Work item – For the records below, give the count of lines holding the word "Exteriér" and nothing more.

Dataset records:
== Segment start ==
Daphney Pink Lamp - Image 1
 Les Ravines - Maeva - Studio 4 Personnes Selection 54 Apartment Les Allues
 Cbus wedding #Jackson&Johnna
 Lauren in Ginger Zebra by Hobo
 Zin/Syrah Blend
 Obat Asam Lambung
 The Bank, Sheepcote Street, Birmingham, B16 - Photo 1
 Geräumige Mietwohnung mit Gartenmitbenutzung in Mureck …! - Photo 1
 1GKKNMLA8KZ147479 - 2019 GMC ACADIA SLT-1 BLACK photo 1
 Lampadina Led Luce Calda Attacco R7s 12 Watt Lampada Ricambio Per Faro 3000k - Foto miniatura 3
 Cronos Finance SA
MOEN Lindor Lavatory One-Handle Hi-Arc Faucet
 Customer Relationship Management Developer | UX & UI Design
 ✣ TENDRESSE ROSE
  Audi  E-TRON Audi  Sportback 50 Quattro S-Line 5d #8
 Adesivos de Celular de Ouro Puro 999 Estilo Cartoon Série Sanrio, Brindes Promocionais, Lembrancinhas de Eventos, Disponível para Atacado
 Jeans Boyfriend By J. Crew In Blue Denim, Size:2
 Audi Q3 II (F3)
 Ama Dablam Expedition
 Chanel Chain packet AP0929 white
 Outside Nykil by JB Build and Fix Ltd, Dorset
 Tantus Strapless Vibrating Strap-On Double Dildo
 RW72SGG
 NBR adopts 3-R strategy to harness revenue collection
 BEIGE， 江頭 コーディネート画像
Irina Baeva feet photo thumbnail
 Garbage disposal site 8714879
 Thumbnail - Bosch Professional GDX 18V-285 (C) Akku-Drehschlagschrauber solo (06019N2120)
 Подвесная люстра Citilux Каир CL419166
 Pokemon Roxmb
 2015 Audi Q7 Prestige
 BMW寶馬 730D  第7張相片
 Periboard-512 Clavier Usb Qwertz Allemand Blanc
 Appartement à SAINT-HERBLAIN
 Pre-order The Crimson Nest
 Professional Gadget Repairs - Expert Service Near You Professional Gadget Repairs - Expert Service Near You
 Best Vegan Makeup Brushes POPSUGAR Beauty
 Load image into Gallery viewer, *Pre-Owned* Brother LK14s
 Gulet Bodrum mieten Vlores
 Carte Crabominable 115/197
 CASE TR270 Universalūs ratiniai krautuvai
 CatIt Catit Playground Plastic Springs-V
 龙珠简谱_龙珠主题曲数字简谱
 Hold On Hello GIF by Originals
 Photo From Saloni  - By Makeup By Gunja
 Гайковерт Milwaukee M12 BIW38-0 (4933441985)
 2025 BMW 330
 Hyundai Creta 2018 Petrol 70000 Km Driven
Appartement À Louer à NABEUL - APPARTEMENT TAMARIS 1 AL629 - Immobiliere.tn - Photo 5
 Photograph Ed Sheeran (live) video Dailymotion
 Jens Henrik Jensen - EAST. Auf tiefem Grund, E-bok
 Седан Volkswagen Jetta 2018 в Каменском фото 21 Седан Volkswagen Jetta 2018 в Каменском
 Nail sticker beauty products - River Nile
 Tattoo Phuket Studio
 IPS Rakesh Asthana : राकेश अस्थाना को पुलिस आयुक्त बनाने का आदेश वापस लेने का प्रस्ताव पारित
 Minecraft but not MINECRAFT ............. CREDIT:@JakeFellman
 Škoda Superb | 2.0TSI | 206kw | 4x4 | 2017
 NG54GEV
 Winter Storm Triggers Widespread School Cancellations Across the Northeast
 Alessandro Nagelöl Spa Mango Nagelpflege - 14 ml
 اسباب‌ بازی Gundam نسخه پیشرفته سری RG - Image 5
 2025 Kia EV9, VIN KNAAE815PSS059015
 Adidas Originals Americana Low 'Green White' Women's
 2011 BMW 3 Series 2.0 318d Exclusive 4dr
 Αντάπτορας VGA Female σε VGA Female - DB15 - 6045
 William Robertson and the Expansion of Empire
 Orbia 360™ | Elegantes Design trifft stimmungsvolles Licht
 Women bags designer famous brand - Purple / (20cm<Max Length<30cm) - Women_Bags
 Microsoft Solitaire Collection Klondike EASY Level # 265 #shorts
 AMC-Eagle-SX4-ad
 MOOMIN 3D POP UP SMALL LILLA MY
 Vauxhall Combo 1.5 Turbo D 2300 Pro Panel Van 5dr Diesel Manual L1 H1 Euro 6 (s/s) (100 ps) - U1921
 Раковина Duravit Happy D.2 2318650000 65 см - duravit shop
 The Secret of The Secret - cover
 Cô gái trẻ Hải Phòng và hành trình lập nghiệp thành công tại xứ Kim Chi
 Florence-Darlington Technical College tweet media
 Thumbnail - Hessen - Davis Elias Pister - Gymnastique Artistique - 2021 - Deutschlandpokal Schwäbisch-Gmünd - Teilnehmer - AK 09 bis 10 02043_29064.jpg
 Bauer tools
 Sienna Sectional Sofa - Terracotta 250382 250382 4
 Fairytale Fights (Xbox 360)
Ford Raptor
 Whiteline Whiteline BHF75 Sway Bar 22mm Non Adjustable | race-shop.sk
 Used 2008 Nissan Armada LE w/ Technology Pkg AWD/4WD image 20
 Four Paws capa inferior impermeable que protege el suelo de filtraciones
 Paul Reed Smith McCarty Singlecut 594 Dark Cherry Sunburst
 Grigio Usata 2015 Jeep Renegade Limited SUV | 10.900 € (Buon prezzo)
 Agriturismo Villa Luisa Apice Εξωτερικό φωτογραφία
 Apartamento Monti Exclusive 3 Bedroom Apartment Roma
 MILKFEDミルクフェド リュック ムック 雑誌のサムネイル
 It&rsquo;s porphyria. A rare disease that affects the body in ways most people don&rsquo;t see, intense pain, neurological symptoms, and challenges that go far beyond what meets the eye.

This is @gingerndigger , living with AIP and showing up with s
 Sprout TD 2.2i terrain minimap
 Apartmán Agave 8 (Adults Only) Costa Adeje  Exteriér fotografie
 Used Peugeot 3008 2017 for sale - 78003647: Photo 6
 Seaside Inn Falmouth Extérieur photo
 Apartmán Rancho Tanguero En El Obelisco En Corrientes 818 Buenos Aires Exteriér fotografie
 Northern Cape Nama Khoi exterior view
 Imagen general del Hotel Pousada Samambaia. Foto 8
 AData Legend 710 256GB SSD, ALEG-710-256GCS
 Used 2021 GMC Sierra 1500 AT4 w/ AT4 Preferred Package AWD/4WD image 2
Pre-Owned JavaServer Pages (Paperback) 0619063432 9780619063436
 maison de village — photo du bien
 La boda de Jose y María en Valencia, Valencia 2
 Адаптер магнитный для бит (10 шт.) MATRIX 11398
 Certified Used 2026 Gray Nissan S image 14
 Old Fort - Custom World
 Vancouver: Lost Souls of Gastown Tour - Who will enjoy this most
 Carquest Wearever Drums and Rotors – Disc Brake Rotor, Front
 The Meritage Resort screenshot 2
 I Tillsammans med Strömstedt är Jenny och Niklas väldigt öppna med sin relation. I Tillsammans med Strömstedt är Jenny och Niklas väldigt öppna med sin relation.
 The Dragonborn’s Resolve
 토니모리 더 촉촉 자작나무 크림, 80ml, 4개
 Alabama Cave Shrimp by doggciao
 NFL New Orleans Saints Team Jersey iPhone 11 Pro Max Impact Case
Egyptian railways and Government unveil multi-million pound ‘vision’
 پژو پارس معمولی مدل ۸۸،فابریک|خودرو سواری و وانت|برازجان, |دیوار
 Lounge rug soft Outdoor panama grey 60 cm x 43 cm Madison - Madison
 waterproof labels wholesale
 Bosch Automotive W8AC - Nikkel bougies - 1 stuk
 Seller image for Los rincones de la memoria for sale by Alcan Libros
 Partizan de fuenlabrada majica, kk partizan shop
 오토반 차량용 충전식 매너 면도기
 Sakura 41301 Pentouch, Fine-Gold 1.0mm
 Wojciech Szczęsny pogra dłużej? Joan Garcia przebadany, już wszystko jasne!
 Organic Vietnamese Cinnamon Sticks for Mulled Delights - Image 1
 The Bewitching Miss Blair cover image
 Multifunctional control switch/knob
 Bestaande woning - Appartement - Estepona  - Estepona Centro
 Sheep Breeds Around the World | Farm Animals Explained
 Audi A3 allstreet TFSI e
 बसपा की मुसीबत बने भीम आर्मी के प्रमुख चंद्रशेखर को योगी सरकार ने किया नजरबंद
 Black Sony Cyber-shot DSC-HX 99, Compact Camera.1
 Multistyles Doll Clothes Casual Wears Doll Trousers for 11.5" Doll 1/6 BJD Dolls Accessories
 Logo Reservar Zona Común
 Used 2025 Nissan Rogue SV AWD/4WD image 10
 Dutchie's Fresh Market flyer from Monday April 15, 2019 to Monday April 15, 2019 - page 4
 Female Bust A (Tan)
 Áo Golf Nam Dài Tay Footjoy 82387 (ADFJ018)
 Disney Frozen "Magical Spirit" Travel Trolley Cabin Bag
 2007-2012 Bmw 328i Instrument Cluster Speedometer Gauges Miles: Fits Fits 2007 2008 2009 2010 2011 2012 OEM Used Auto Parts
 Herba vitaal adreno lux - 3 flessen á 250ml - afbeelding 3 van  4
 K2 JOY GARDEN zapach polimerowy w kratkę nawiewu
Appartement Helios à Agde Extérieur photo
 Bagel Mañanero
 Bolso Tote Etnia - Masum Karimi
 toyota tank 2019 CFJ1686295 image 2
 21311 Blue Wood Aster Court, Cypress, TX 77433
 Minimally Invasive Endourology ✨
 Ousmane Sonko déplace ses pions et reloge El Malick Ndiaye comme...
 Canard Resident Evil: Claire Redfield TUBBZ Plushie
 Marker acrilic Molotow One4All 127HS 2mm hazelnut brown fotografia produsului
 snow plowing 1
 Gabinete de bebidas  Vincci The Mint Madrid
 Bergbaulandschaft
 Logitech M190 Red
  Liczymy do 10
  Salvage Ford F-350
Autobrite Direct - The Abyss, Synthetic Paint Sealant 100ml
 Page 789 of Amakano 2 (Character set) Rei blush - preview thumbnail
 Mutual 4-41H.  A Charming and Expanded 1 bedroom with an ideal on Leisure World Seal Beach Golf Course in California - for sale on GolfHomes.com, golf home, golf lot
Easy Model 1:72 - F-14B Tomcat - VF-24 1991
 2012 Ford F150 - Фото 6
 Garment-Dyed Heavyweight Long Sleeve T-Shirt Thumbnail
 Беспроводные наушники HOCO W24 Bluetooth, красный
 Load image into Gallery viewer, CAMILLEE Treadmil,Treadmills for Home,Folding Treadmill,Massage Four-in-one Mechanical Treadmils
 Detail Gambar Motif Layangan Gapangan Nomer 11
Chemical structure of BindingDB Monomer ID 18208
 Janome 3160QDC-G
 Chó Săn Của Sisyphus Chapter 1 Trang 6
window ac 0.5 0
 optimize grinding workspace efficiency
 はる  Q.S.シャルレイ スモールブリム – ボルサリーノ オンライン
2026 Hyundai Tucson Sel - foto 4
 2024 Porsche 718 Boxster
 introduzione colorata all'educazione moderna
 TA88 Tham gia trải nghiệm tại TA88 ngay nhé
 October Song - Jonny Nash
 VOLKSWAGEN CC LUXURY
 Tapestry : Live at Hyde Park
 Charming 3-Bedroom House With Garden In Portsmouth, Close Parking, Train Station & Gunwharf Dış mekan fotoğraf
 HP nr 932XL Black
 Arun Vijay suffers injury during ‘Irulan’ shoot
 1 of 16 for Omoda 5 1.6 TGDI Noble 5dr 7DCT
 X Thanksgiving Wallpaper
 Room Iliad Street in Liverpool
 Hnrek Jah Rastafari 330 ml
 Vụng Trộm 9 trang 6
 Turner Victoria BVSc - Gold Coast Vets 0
== Segment end ==
Exercise response – 2